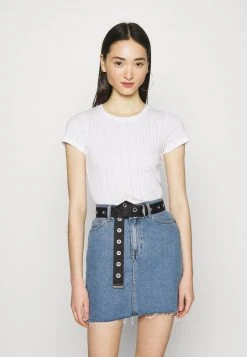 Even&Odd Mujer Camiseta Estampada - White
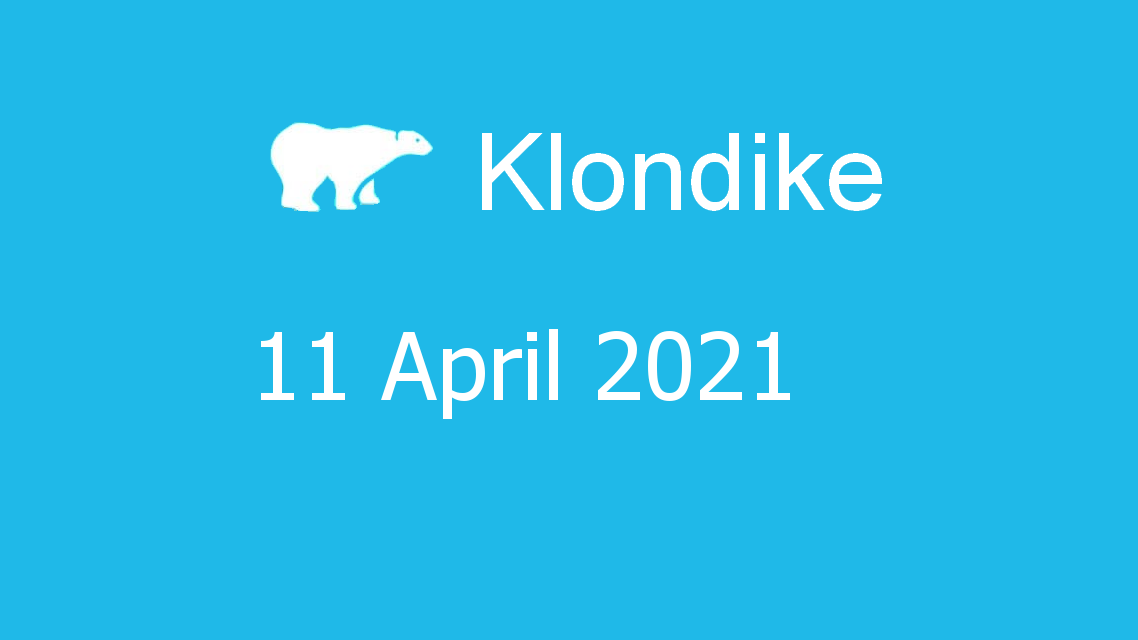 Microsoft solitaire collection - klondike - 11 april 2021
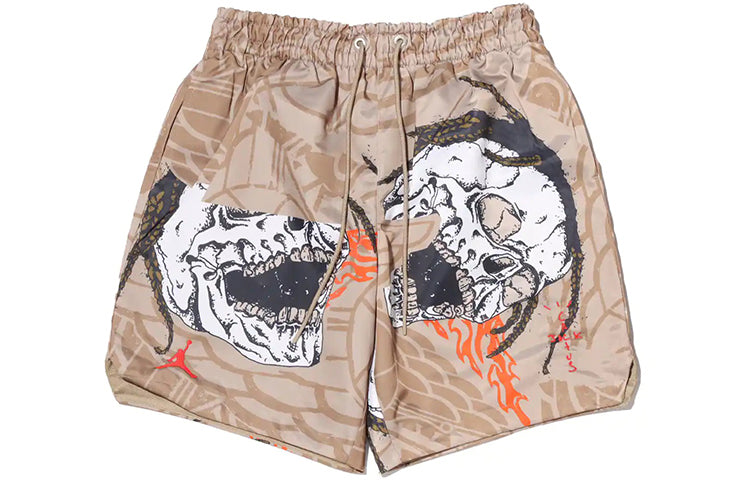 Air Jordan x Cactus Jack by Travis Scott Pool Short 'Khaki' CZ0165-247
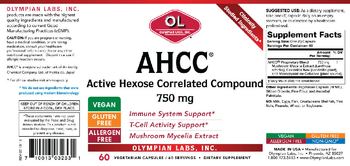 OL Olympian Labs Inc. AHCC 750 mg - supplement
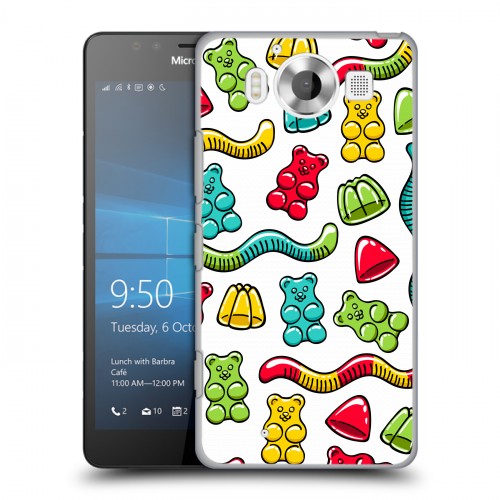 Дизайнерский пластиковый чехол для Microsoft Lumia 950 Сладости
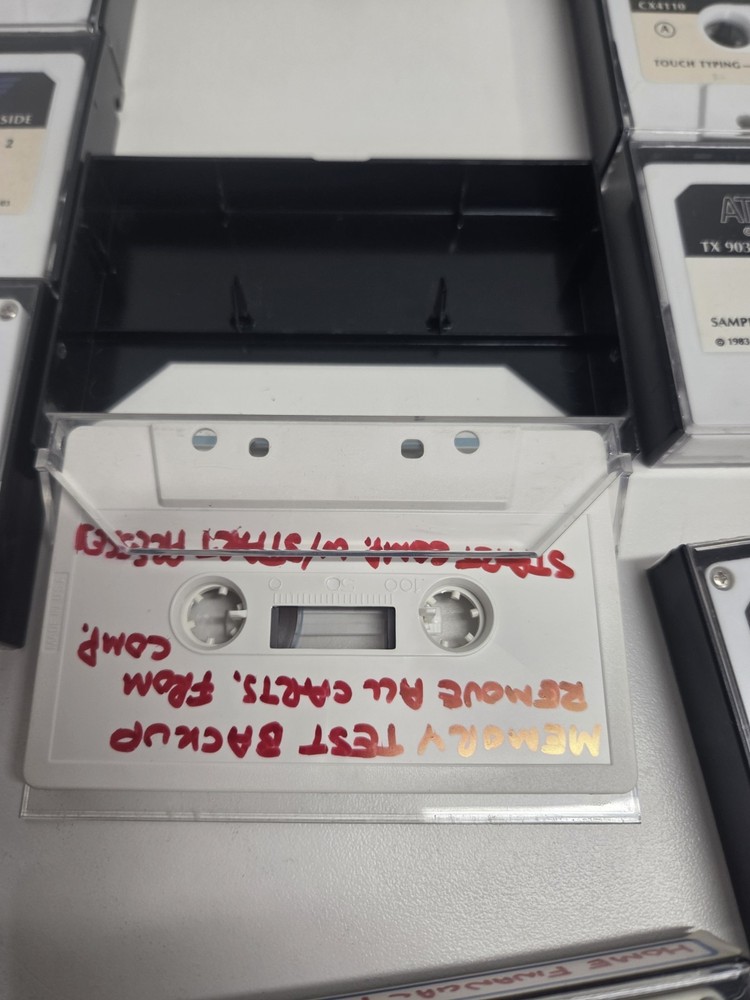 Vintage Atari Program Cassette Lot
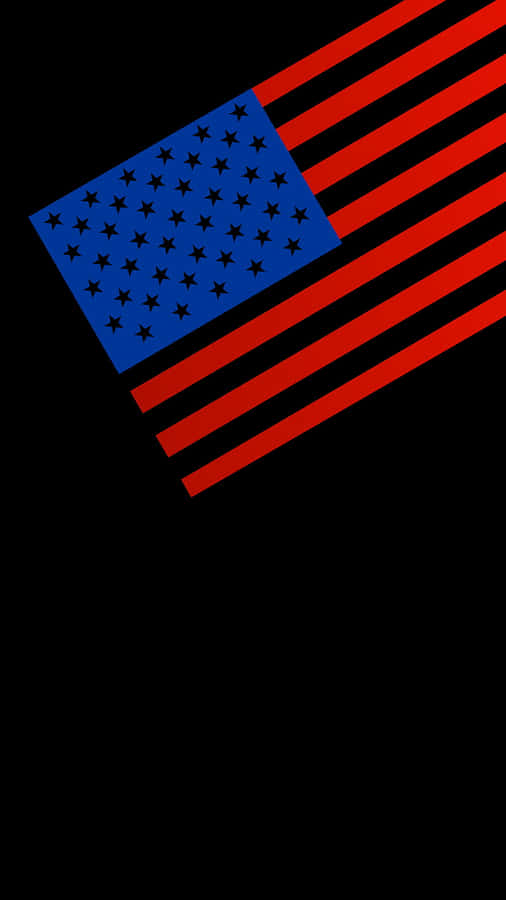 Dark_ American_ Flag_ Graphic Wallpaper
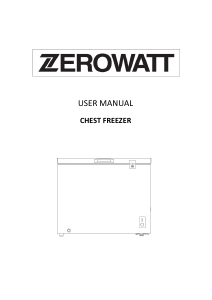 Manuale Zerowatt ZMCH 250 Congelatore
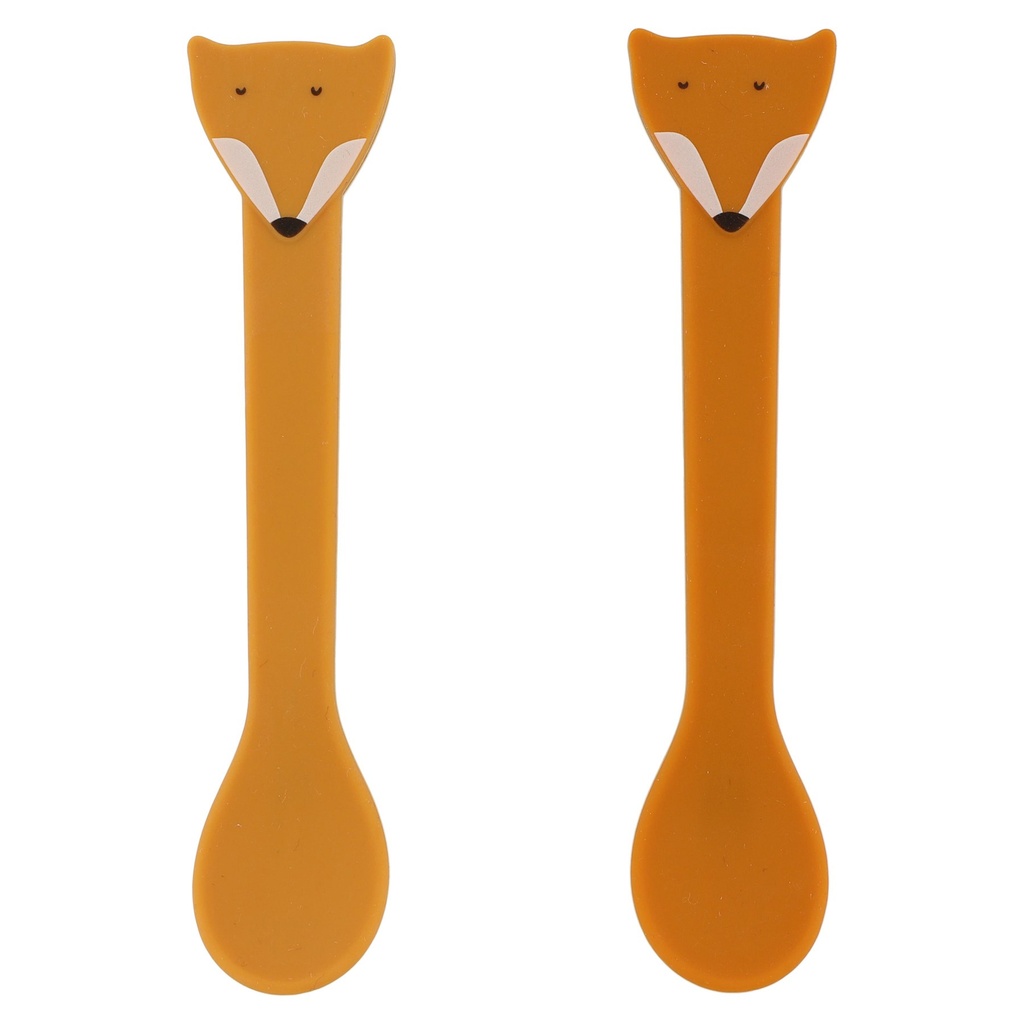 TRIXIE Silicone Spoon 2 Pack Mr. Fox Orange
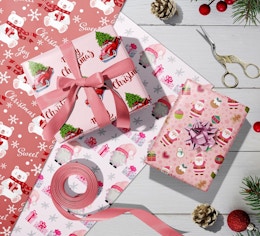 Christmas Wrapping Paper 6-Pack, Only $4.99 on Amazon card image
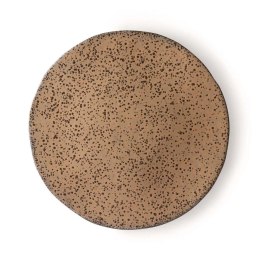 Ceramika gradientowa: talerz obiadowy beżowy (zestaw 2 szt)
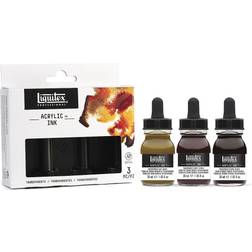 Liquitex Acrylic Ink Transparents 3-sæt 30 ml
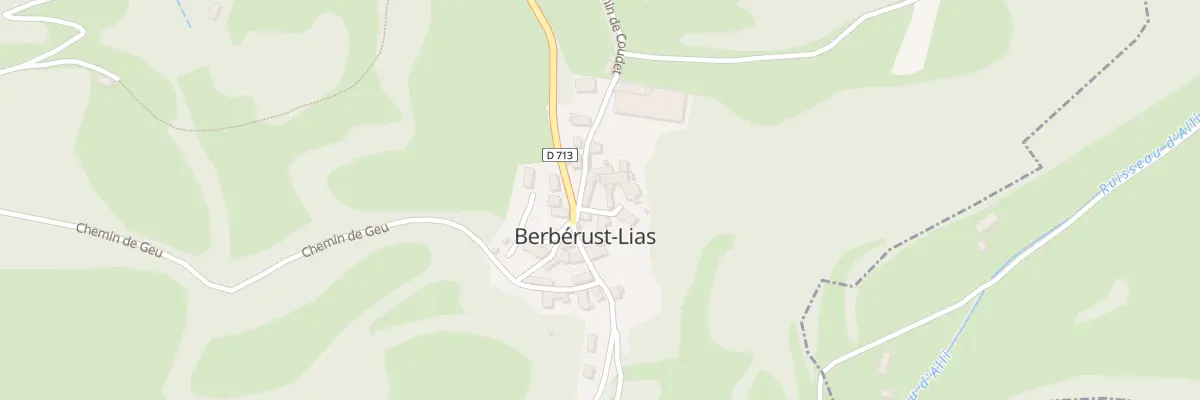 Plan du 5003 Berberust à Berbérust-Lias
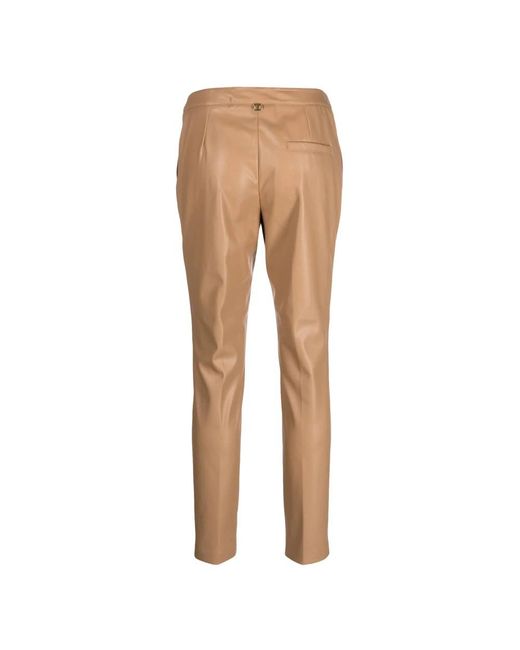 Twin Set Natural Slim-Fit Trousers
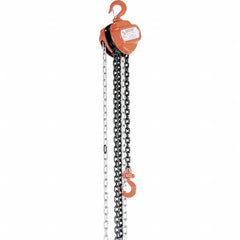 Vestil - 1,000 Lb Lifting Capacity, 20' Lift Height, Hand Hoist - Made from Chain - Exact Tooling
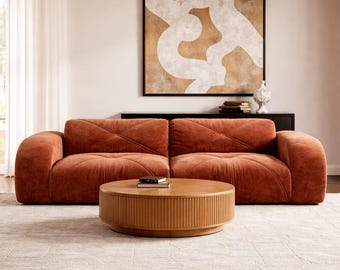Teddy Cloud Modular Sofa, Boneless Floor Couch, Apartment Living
****************
• **WHAT THIS TASK INVOLVES**: Using the listing above, repeat word for word each line from the one with "OL Olympian Labs" down to the one with "Manuale Zerowatt ZMCH 250 Congelatore", both included. Omit all pictures.

• **COMPLETED TASK**:
 OL Olympian Labs Inc. AHCC 750 mg - supplement
 Дизайнерский пластиковый чехол для Microsoft Lumia 950 Сладости
 Vintage Atari Program Cassette Lot
 Dark_ American_ Flag_ Graphic Wallpaper
 Manuale Zerowatt ZMCH 250 Congelatore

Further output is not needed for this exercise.